Donald Diego went to six weddings last year, including his own. “I was like, ‘Oh, I’m so happy for you but I actually have to call my caterer with final numbers for my wedding.’”

 

There should be a special kind of commendation for that amount of juggling. What he found instead was a prime writing opportunity. During a hiatus from his TV writing (he is the Executive Story Editor on ABC’s new American Housewife and previously wrote for Community) and during a steady stream of weddings, Diego wrote The Wedding Year, his first feature film script. The spec chronicles one woman’s journey through her own jam-packed wedding year (15 in 12 months!), which forces her to confront her own feelings not only about marriage but about her future in general. Lakeshore Entertainment recently acquired the script.

“I started writing [The Wedding Year] when it dawned on me – we would get one invitation and then my wife would get one and I finally realized, ‘this is a lot’… I thought this would be a funny thing for a couple to go through and then going through it affirmed that idea. It’s insane. Weddings are always fun but the family is crazy and friends get weird.“

Speaking for many of us in our late 20s/early 30s, “I can relate”. I went to five weddings last year, myself, my role ranging from plus-one to Maid of Honor. And weirdness was a common denominator. As was love and friendship and truly fantastic dance parties. But there is something almost undefinable that pervades the planning and celebrating of weddings, a unique stress that brings out qualities just as unique in those participating.

For Diego’s protagonist this stress becomes a catalyst. “She’s a young kid and it’s about whether she wants to take that next step, not only with marriage but with her own life, whether she wants to make that transition into adulthood,” Diego says.

Diego got his own start into adulthood in Boston doing improv comedy and sketch writing. “That’s when I knew I didn’t care about classes anymore, I just wanted to do that. But I didn’t know that being a film writer or a TV writer was a thing that I could do – it just didn’t cross my mind that was an actual job.”

From there he moved to New York and began interning at The Onion News Network writing web sketch shows. He made ends meet as a barista. “I was that guy making your cappuccino and writing scripts on the side,” he laughs.

His knowledge of the industry limited at that time, he began cold calling agencies. “I didn’t know any better to be scared of calling agencies. I just started calling CAA and was like, ‘Hey, will you read me?’ I actually got read but then that relationship withered because I was this crazy person just calling them out of the blue.”
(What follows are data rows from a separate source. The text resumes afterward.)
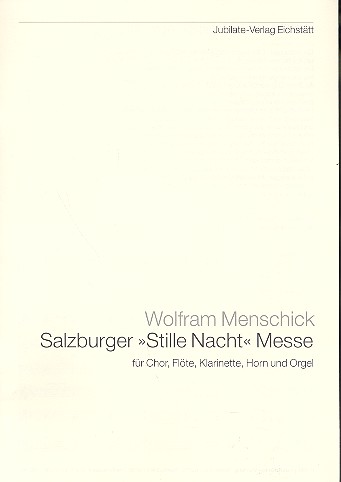 Salzburger Stille Nacht-Messe fr gem Chor, Flte, Klarinette, Horn und Orgel Partitur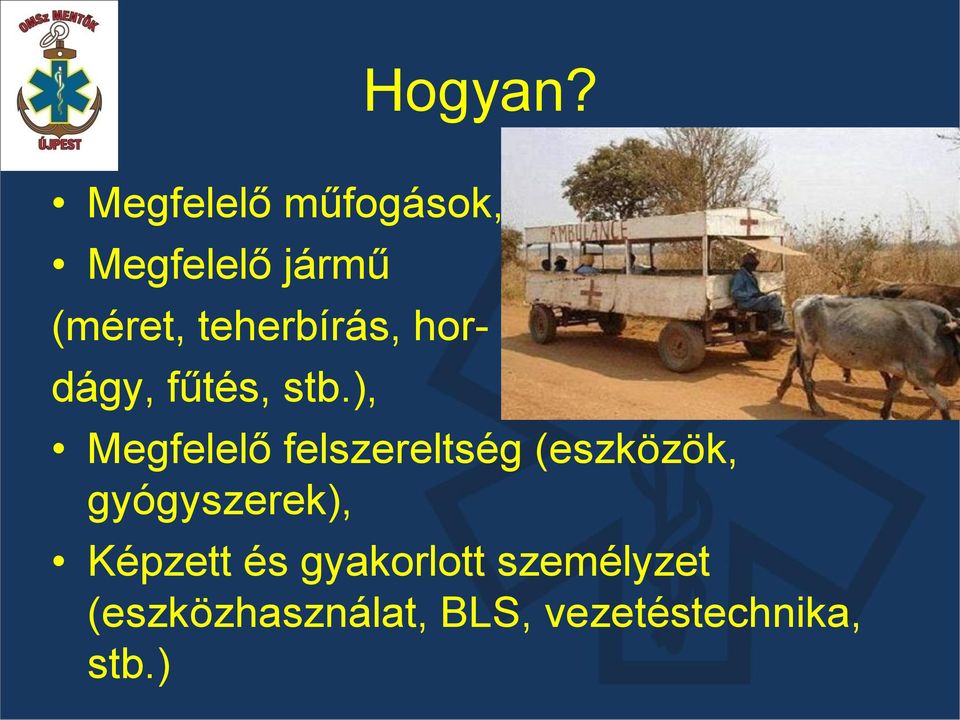 teherbírás, hordágy, fűtés, stb.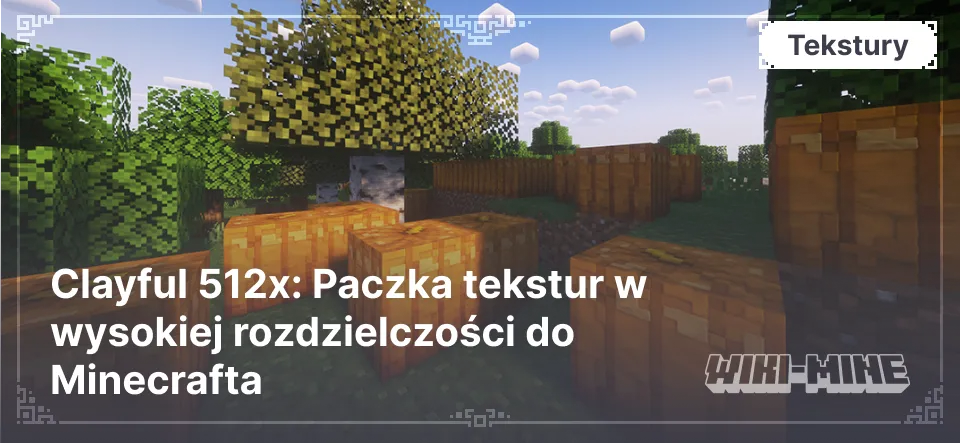 Clayful 512x: Paczka tekstur w wysokiej rozdzielczości do Minecrafta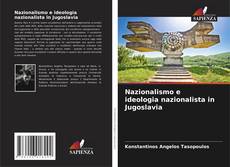 Bookcover of Nazionalismo e ideologia nazionalista in Jugoslavia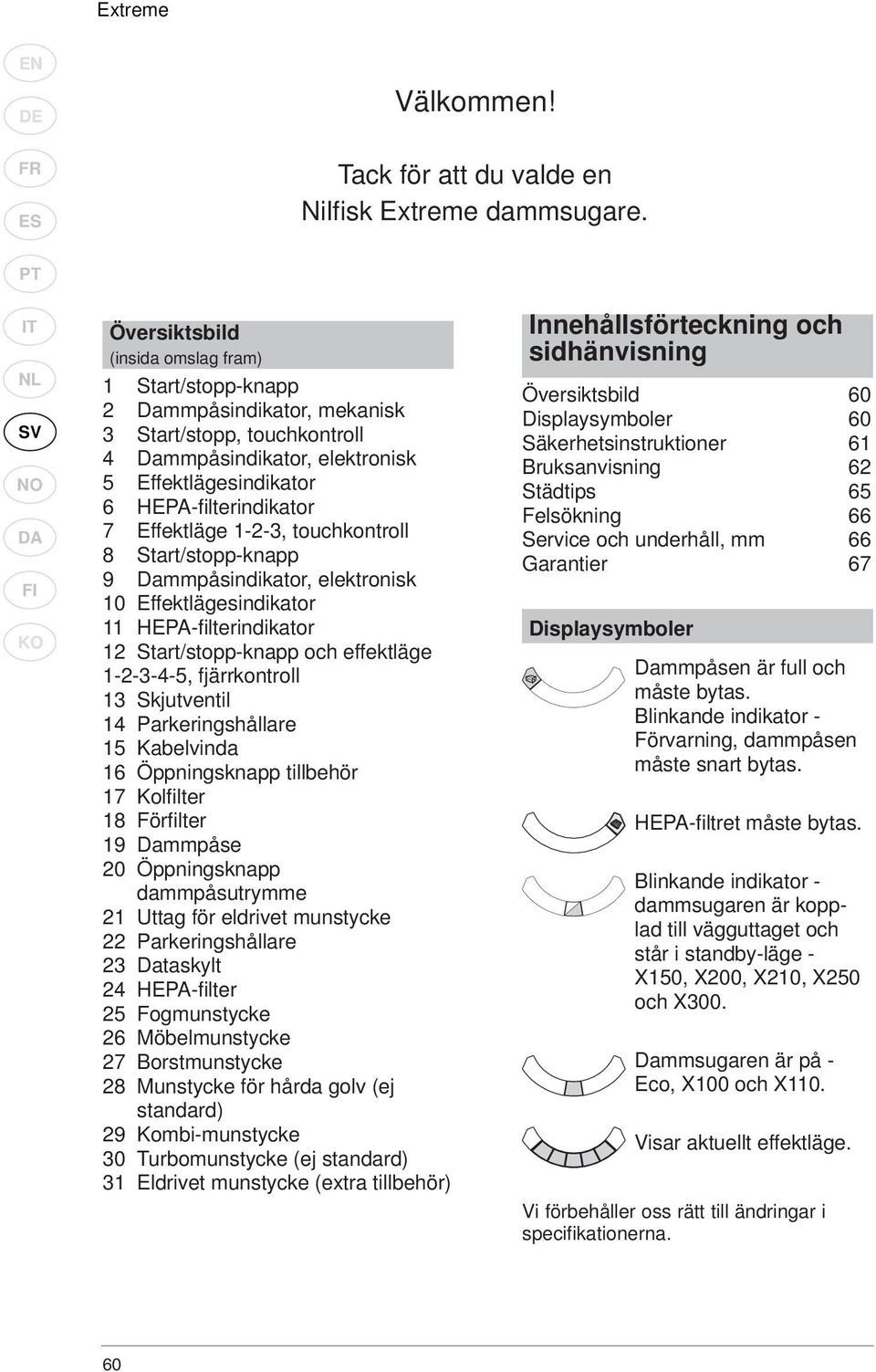 HEPA-fi lterindikator 7 Effektläge 1-2-3, touchkontroll 8 Start/stopp-knapp 9 Dammpåsindikator, elektronisk 10 Effektlägesindikator 11 HEPA-fi lterindikator 12 Start/stopp-knapp och effektläge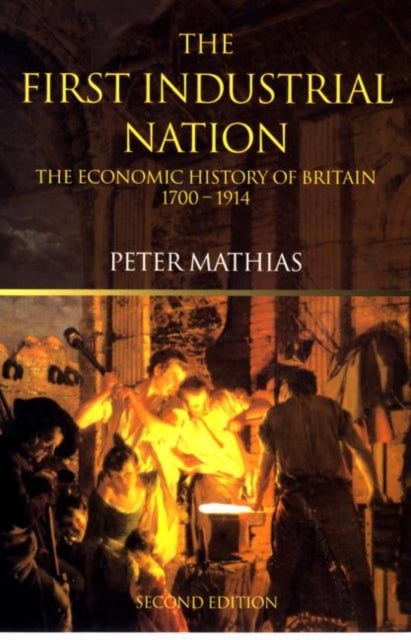 The First Industrial Nation - The Economic History of Britain 1700–1914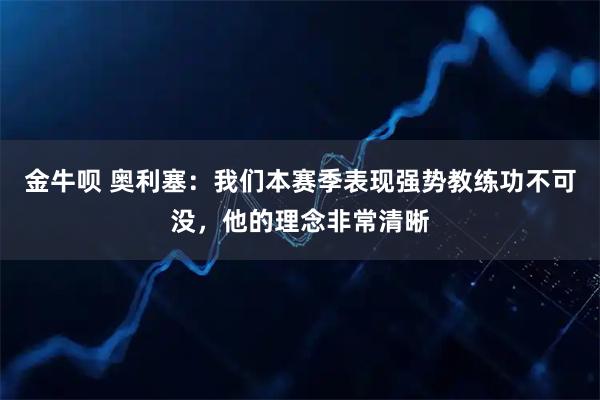 金牛呗 奥利塞：我们本赛季表现强势教练功不可没，他的理念非常清晰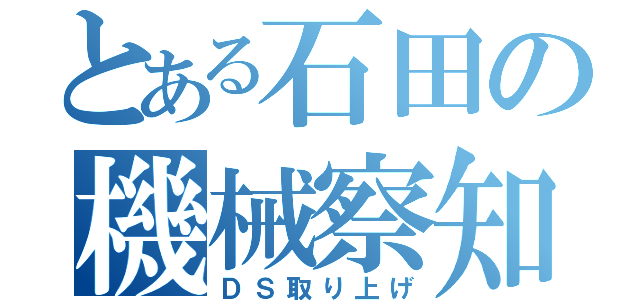 とある石田の機械察知（ＤＳ取り上げ）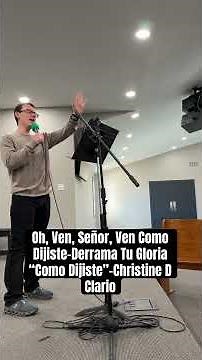 Oh, Ven, Señor, Ven Como Dijiste-Derrama Tu Gloria “Como Dijiste”-Christine D Clario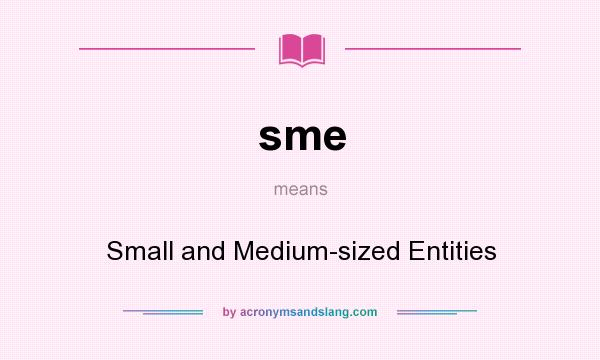 What does sme mean? It stands for Small and Medium-sized Entities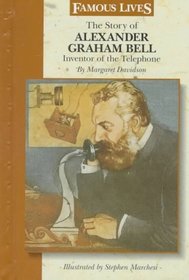 The Story of Alexander Graham Bell: Inventor of the Telephone (Famous Lives)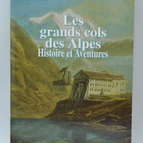 Les grands cols des Alpes - Samivel S. Norande - 1996 - livre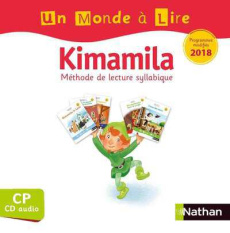 Français CP Un Monde à lire Kimamila Méthode de lecture syllabique. Edition 2019. 1 CD audio - COLLECTIF
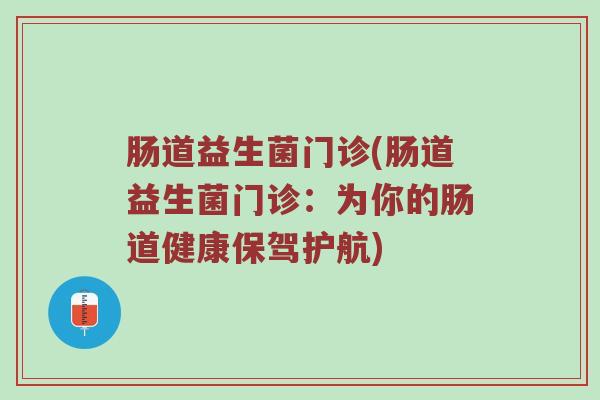 肠道益生菌门诊(肠道益生菌门诊：为你的肠道健康保驾护航)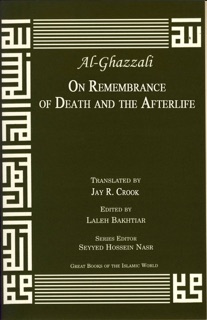 Al-Ghazzali On Remembrance of Death and the Afterlife by Abu Hamid Muhammad Al-Ghazzali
“Then I got smarter about it,” he says. “I got a friend at a production company to email for me so I didn’t look that crazy. A person who is kind of reputable kind of vouches for me.”

He’s now with WME and Think Tank Management, his work vouching for itself. To writers just starting out now he advises that it’s “OK to admit you don’t know everything. It’s OK to doubt yourself. I’m not one to say ‘never give up’ but there are going to be down days for any number of reasons and it’s going to make you think, ‘what am I doing?’ But you have to push through that. Hold your nerves and stay on target. Just keep going, which is the thing I just said I wouldn’t say.”

And as for his wedding schedule? “We’re finally almost done. I think we have two more next year and then hopefully we’ll have a good five or six year block before babies start.”